→ WORK TO BE COMPLETED
Print, from the listing below, the lines starting at the line containing "2022 Kids adidas Belgium Home Jersey" and ending at the line containing "Pokemon Perfect Order", exactly as they stand, and print nothing else.

→ MATERIALS PROVIDED
>>>

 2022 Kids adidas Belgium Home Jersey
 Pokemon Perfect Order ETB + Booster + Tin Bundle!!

<<<
>>>

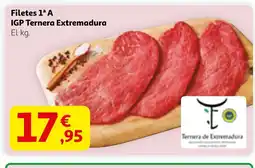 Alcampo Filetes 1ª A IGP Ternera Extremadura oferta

<<<

→ ANSWER TO THE EXERCISE
 2022 Kids adidas Belgium Home Jersey
 Pokemon Perfect Order ETB + Booster + Tin Bundle!!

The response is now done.